Stored records
——

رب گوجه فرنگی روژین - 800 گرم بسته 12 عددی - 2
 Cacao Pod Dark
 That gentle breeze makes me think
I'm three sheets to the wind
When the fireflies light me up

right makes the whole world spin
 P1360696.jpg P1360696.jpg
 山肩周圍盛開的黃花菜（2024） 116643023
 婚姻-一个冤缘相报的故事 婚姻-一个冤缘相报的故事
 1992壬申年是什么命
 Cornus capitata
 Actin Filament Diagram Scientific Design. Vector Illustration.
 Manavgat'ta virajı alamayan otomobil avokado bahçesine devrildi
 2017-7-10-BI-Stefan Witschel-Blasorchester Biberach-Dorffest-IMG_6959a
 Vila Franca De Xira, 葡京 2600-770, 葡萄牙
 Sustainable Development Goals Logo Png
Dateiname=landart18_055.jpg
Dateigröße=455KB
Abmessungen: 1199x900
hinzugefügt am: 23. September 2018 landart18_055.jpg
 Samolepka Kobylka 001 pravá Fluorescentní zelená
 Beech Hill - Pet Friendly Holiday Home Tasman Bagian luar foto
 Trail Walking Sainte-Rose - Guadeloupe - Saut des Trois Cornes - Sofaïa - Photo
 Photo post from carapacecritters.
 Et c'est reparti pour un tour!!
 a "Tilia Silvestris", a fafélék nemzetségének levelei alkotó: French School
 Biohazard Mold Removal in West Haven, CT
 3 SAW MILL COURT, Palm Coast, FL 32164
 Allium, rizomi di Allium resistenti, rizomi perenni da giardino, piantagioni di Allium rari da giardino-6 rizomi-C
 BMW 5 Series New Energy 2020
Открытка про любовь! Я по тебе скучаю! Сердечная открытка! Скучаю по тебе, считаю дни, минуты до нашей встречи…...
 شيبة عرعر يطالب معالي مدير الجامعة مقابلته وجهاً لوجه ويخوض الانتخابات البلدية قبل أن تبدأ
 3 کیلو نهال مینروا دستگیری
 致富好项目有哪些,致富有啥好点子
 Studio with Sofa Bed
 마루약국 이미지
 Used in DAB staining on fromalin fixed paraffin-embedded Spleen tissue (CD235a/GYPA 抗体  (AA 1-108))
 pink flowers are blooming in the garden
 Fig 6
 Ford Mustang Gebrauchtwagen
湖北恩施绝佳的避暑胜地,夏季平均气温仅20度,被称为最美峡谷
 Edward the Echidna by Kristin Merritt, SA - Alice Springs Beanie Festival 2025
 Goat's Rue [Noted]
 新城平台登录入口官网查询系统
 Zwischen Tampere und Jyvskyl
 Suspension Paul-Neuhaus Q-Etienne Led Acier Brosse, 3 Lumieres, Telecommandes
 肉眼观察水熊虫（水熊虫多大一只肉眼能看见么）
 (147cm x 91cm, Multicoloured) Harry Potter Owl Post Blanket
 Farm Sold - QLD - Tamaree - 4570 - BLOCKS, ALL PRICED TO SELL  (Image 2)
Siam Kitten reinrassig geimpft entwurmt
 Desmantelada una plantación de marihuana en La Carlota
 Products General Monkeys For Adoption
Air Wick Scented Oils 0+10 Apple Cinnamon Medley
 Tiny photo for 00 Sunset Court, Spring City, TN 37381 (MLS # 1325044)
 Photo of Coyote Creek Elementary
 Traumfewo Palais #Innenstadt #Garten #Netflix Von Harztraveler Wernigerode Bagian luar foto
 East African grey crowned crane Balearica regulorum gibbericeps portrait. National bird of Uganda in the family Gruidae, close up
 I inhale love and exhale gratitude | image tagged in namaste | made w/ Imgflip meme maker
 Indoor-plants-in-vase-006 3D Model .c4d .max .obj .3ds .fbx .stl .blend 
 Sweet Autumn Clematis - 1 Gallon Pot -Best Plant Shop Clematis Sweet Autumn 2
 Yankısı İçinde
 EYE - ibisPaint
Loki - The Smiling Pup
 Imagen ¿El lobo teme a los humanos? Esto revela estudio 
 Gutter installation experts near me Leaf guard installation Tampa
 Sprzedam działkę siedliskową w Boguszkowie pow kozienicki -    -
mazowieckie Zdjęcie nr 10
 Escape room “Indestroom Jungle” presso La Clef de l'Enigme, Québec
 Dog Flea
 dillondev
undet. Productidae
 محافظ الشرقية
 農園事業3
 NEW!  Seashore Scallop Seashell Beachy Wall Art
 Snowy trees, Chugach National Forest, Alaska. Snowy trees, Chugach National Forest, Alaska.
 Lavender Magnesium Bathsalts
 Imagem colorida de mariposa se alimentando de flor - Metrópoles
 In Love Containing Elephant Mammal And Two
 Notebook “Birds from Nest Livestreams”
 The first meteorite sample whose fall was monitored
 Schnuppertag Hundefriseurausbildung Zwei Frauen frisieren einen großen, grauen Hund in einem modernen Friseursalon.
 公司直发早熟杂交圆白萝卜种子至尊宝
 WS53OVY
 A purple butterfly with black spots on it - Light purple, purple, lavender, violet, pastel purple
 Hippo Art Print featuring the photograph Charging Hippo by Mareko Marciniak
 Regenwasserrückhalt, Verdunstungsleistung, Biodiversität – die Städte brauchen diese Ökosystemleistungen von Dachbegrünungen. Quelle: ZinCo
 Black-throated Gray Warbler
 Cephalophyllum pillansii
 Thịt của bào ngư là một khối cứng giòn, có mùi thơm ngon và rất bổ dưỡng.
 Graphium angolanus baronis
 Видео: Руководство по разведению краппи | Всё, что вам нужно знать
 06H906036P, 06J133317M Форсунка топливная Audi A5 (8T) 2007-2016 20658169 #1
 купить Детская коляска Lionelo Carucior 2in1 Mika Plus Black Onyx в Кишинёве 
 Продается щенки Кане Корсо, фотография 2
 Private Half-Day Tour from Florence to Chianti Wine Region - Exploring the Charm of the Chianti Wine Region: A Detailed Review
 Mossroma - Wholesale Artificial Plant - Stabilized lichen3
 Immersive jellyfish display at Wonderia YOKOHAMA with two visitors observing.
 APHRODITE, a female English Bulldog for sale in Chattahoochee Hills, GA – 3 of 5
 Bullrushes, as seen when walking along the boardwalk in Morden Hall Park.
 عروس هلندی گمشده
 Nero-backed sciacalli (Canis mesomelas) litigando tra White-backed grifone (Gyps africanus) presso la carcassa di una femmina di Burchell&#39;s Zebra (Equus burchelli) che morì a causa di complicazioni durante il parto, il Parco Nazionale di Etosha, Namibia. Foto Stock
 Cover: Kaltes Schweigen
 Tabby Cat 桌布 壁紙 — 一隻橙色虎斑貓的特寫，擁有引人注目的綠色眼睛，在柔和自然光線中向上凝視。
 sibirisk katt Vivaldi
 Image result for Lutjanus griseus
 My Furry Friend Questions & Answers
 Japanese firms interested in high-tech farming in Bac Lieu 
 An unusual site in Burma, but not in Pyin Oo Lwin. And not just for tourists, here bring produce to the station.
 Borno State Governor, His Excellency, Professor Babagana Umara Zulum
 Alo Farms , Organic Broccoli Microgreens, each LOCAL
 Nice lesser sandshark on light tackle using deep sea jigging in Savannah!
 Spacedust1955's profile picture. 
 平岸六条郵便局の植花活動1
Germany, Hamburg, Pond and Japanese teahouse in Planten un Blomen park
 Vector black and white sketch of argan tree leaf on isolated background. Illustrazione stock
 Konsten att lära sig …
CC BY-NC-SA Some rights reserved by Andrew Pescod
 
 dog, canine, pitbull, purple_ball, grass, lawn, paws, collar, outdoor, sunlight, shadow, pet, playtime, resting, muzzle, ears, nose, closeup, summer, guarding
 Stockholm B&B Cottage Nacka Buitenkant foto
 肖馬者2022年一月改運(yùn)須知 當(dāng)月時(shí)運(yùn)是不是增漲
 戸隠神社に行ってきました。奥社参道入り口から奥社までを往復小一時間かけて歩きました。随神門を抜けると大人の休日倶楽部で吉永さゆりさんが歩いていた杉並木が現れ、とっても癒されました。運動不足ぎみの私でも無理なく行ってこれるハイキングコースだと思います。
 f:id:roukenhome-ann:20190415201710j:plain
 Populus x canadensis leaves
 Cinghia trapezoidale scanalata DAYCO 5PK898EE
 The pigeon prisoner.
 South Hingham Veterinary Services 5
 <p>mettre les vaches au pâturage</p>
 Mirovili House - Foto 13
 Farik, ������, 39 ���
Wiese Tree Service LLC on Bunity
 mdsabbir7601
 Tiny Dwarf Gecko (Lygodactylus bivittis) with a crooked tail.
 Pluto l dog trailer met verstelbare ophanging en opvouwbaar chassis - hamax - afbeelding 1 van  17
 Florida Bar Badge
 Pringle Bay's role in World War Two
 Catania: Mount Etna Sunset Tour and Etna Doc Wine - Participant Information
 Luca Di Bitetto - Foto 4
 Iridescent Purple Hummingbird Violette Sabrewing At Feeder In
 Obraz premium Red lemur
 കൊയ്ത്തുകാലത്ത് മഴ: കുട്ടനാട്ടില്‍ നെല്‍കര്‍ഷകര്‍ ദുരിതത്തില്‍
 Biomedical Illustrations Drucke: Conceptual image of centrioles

——

From the entries above, print the lines beginning at the one with "Gutter installation experts" and stopping after the one with "In Love Containing Elephant Mammal And Two", exactly as written and with nothing else.

● Answer to this problem
 Gutter installation experts near me Leaf guard installation Tampa
 Sprzedam działkę siedliskową w Boguszkowie pow kozienicki -    -
mazowieckie Zdjęcie nr 10
 Escape room “Indestroom Jungle” presso La Clef de l'Enigme, Québec
 Dog Flea
 dillondev
undet. Productidae
 محافظ الشرقية
 農園事業3
 NEW!  Seashore Scallop Seashell Beachy Wall Art
 Snowy trees, Chugach National Forest, Alaska. Snowy trees, Chugach National Forest, Alaska.
 Lavender Magnesium Bathsalts
 Imagem colorida de mariposa se alimentando de flor - Metrópoles
 In Love Containing Elephant Mammal And Two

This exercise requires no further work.